# Los Angeles Metrolink Strategic Plan: poll results & new questions



## beautifulplanet (Dec 10, 2014)

As was posted here, Metrolink was asking for input about its 10 year strategic vision. Here are some results so far:

http://metrolinktrains.com/news/page/title/strategic_plan_survey_results



> Over 1200 responses were received from residents throughout Metrolink’s service area and beyond.


Looking at the"Word Cloud of write-in requests for Metrolink to focus on during the next ten years", the size of the words seems to indicate that the issues mentioned more often were:

- Frequency

- Adding Routes

- Late Service

- Expanding Routes

Looking at the "Word Cloud of write-in locations respondents wished were better served by Metrolink", the size of the words seems to illustrate that mentioned most were:

- LAX

- South Bay

- San Diego

- Westside

- Santa Monica

- Long Beach

- Palm Springs

- Beach Cities

- Santa Barbara

- Redlands

- West LA

Now, Metrolink still asks for more input regarding future possible rail plans:

http://surveyanalytics.com/t/CN501ZJ3q5Q(not quite sure if link does work)

Among other things, it is possible to answer a multiple choice poll about what should be Metrolink's biggest priority at this point of time (f.e. "Expand the Metrolink system and improve regional connectivity" or any of 5 other choices).

At least some might be curious, what kind of funding for investments Metrolink will be able to receive over the next years and decades...


----------



## beautifulplanet (Jan 16, 2015)

Metrolink states that Metrolink's Strategic Plan is expected to be released in April of 2015.

Still, the survey linked to above is still open.

Maybe for some, it might be interesting to see the Metrolink service scenarios feedback is desired upon in the survey.
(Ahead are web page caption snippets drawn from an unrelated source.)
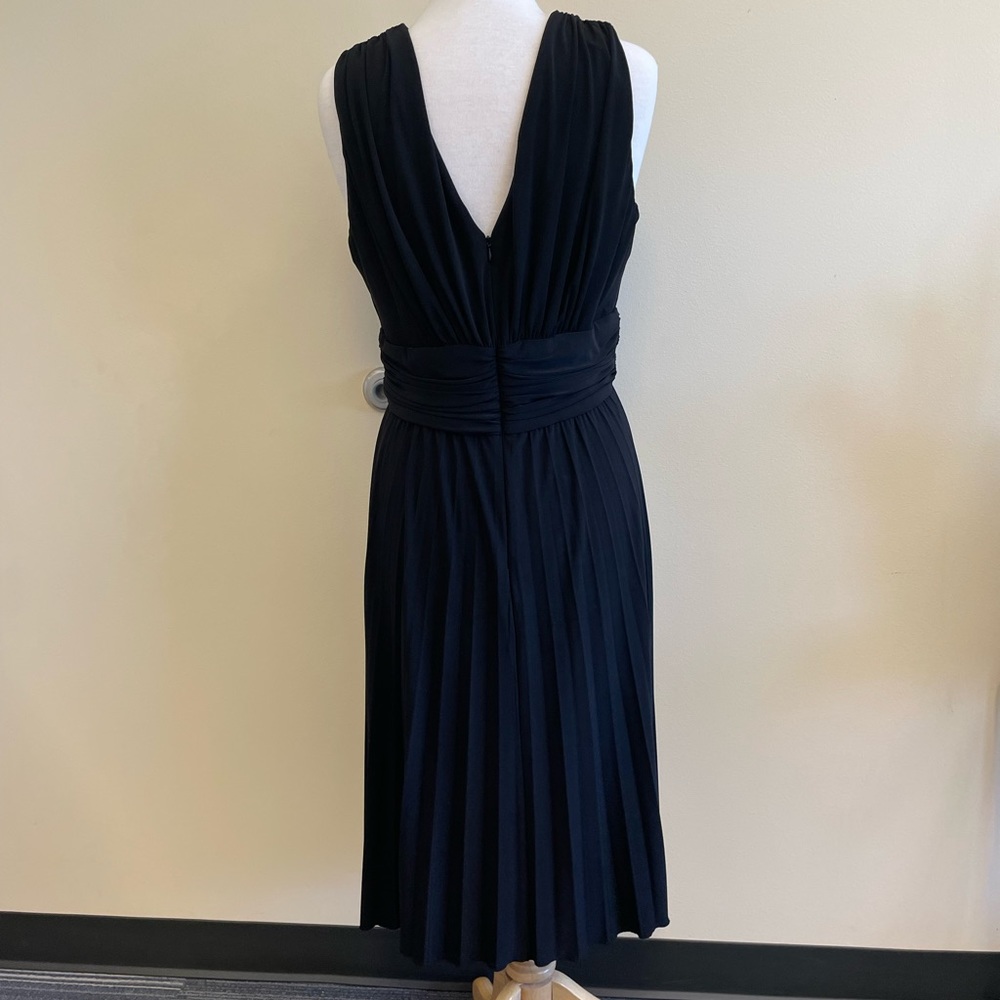 Jessica Howard black dress size 16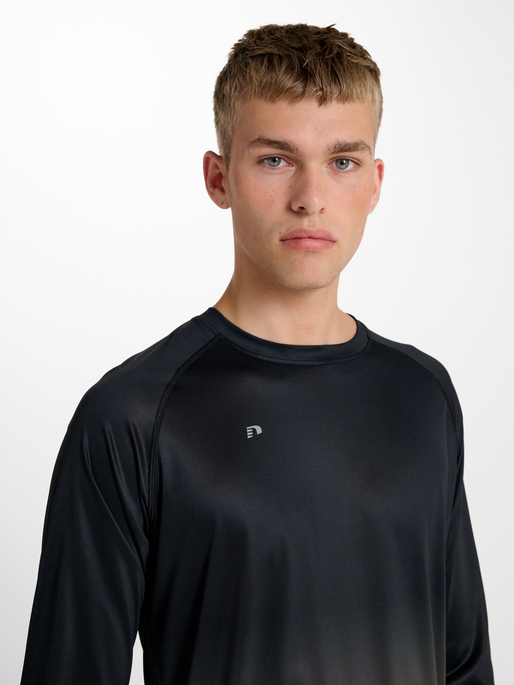 nwlBEAT GRADIENT T-SHIRT L/S, BLACK IRIS, model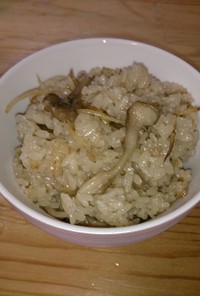 舞茸と生姜とﾀﾞｼﾀﾞだけ♪炊き込みご飯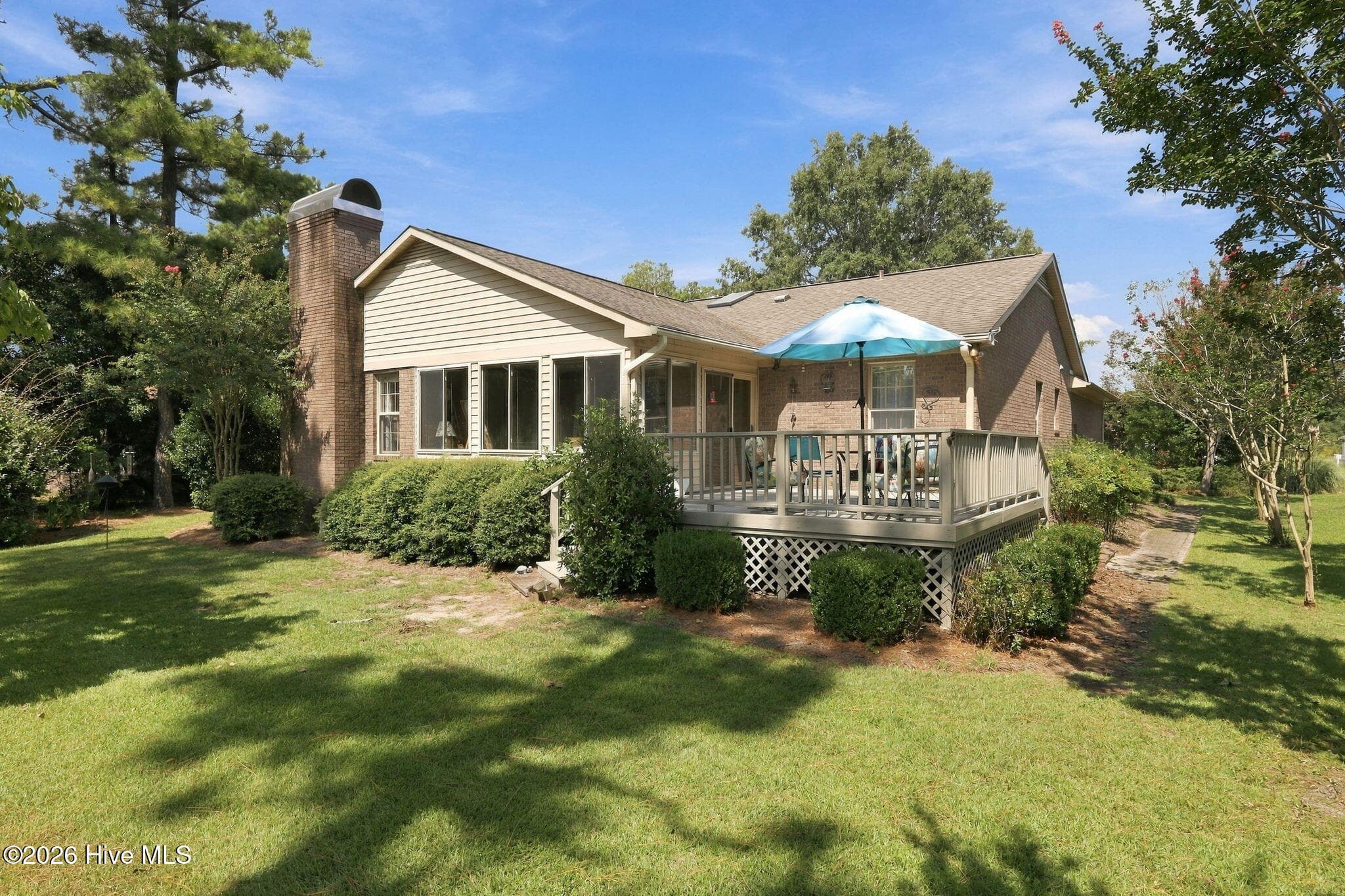 Single Family Residence at 5914 Santo Domingo Court, New Bern, NC 28560, photo 12 of 81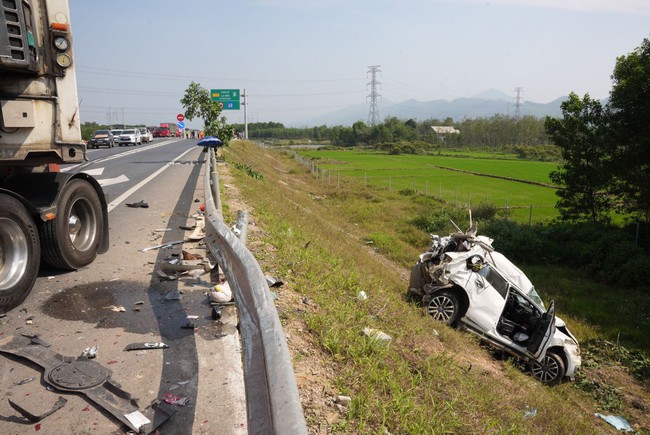 Khởi tố lái xe vượt ẩu gây tai nạn liên hoàn trên cao tốc Cam Lộ - La Sơn- Ảnh 1.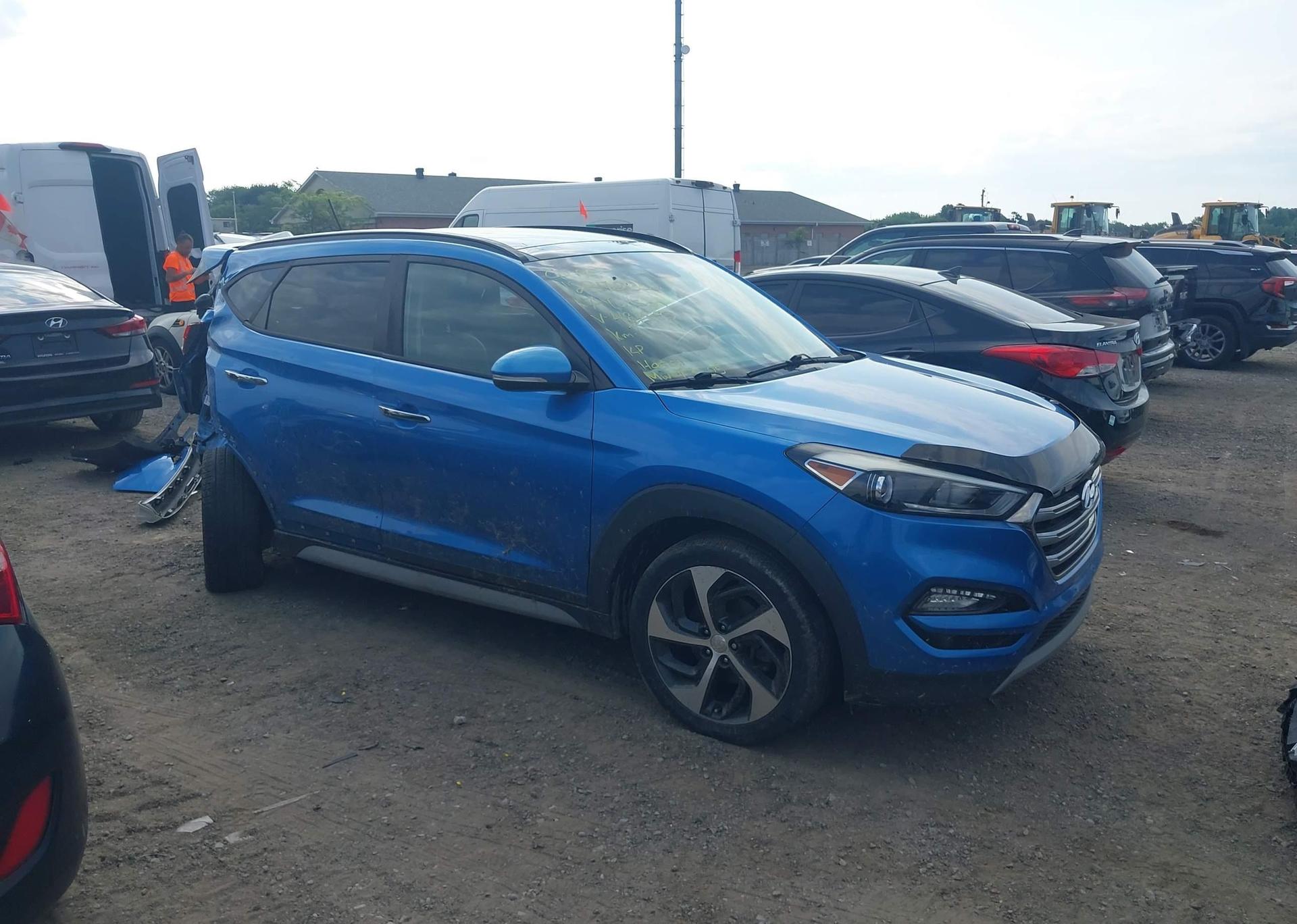 2017 HYUNDAI TUCSON SE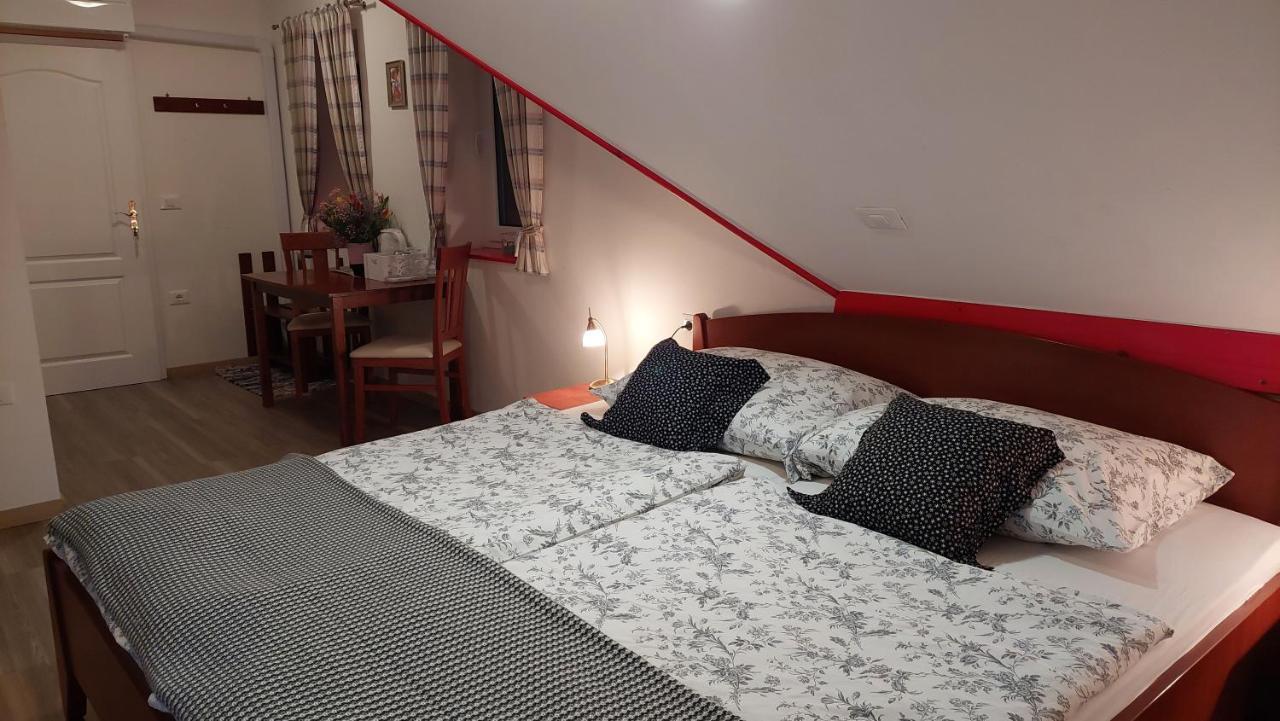 Rooms Ravnik ブレッド エクステリア 写真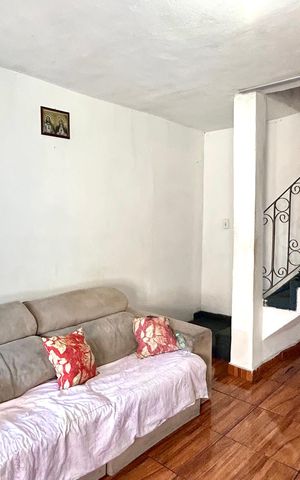 Casa à venda com 150m², 2 quartos e 1 vagaSala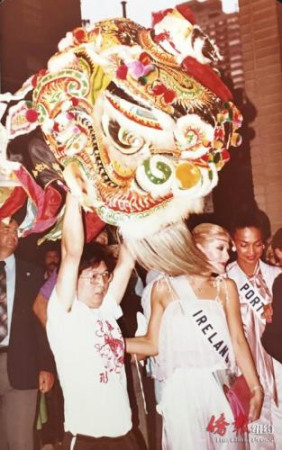 葉永康師父于環(huán)球小姐活動上舞獅。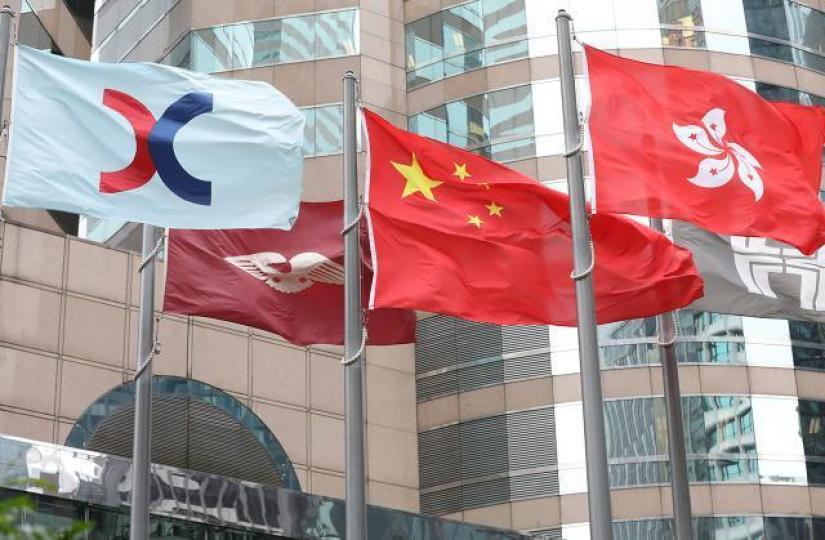 ■內地嚴打企業走資,本港一些上市公司怕外闖被抽秤,轉而購買理財產品,尋找高息回報。 資料圖片 ■內地嚴打企業走資,本港一些上市公司怕外闖被抽秤,轉而購買理財產品,尋找高息回報。 資料圖片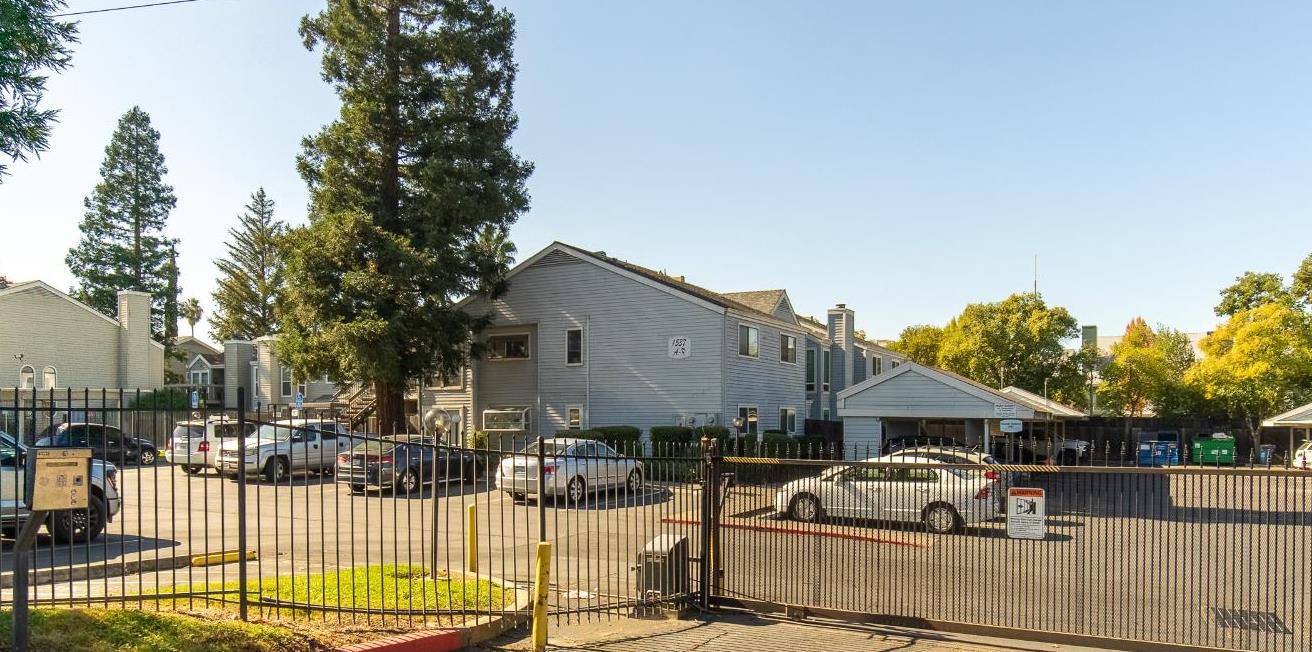 1519 Hood Road, Unit F Sacramento, CA 95825 - Photo 28 of 28 a view of a patio with a yard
> Most responses in Metrolink's previous Strategic Plan Survey called for more frequent and expanded Metrolink service.
> Service expansion is a major part of Metrolink's Strategic Plan and several service scenarios are being developed.
> 
> Below you have the opportunity to review some of the scenarios for expanding Metrolink service over the next 10 years. The maps indicate service levels based on frequency of train service during the peak and off-peak hours.


Image depicting current service:







Image depicting Scenario 1:








> Scenario 1. reflects enhanced service levels on the existing network, including the Perris Valley Line that is scheduled to open late in 2015.







> Scenario 2. Additional lines and connections.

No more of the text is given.